Paper: GS – III, Subject: Environment, Ecology and Disaster Management, Topic: Renewable energy, Issue: Challenges to India’s energy transition.
Context:
India’s 50% of electricity generation capacity is now from renewable sources which is achieved 5 years ahead of target. The next phase of India’s energy transition will be more challenging, especially in rural and decentralized areas.
Key Highlights:
Key Achievements:
- Target achievement: India met its voluntary Paris Agreement commitments well before 2030.
- Energy boost: Renewable energy growth boosted by
- Rapid solar adoption.
- 90% drop in global solar panel prices.
- Effective domestic policy measures.
Emerging challenges:
- Intermittency issue: States are now rejecting new solar supply even at competitive rates. Reason being mismatch between generation and demand time (solar peaks in day, demand rises in evening).

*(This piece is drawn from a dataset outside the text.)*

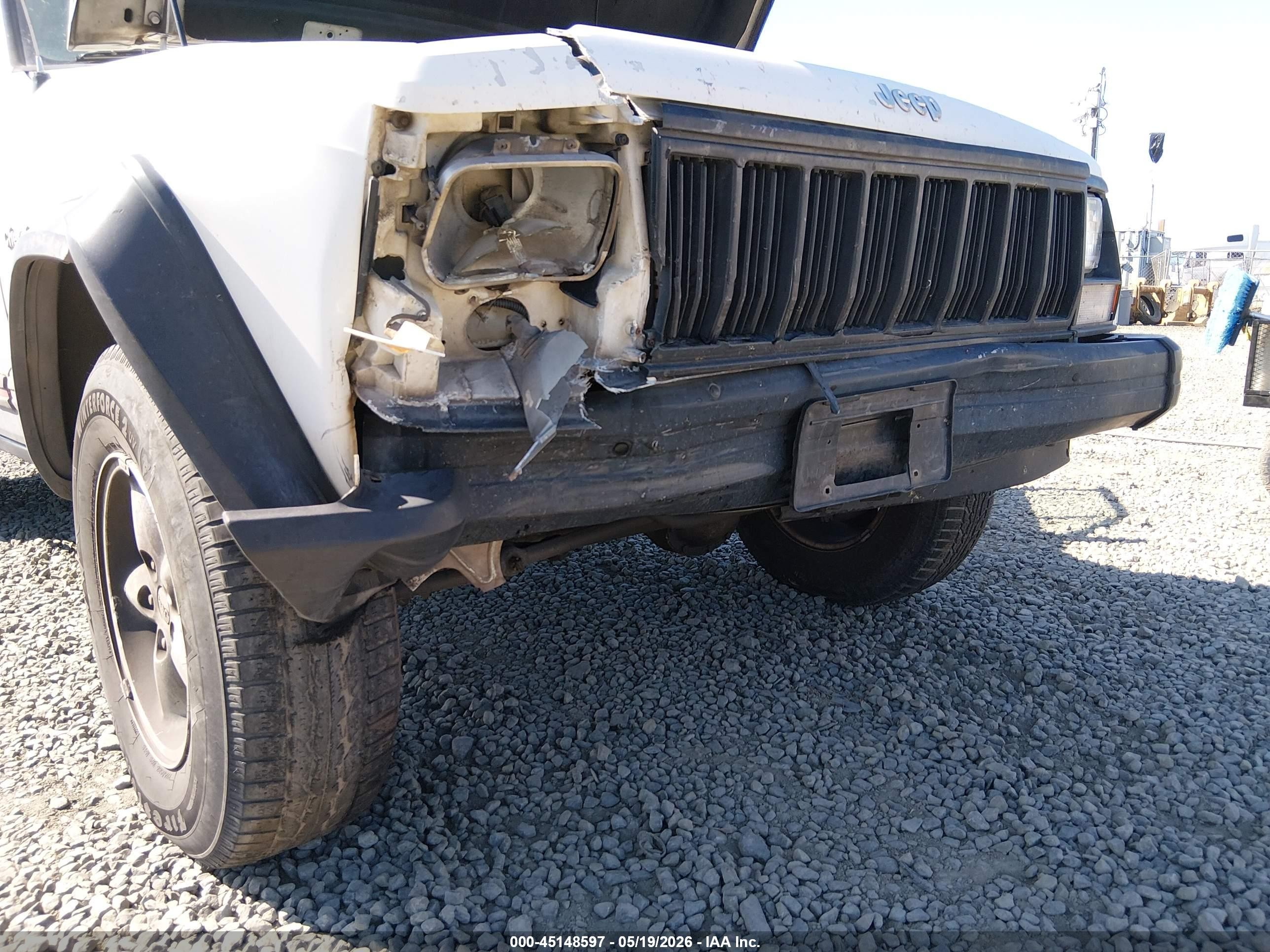 1996 Jeep Cherokee Sport/classic White vin: 1J4FJ68S1TL277978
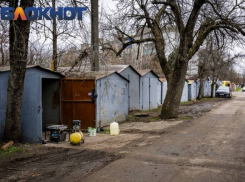 В Краснодаре мэрия объявила войну незаконным ларькам и гаражам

- Storage Infrastructure Gap: Lack of batteries and pumped hydro means solar power can’t be stored efficiently.
- Transmission Losses: Electricity is transported over long distances, increasing costs and losses.
- Tariff Distortion: Rooftop solar (RTS) users get higher tariff benefits while state utilities buy excess power cheap and sell it high, distorting financial books.
- Growing Residential Consumption needs: Residential power demand is growing 10% annually. Households now account for one-third of India’s power consumption driven by higher air conditioner sales owing to heatwaves and rising temperatures.
- Rooftop Solar (RTS) Bottlenecks: RTS accounts for just 16% of total utility-linked solar capacity which needs to be increased.
- Further challenges:
- Low utility incentives to promote rooftop solar.
- Heavily subsidized electricity for small users reduces RTS appeal.
- Larger users are already part of bulk solar deals.
Measures needed:
- Scale Up Rooftop Solar: Empower rural and urban households with easy access to RTS and encourage decentralized, on-site generation.
- Promote Local Market Intermediaries: Link RTS producers with nearby consumers and facilitate local energy trading and use of storage.
- Fix Tariff Distortions: Recalibrate subsidies and sunset clauses to balance fairness with efficiency.
- Enable Mass-Market Power Trading: Encourage platforms for localised energy exchange which helps integrate excess daytime power and bridge peak-time supply gaps.
Conclusion:
India needs a new roadmap that boosts decentralized solar, resolves storage and tariff issues and encourages inclusive, consumer-driven energy growth.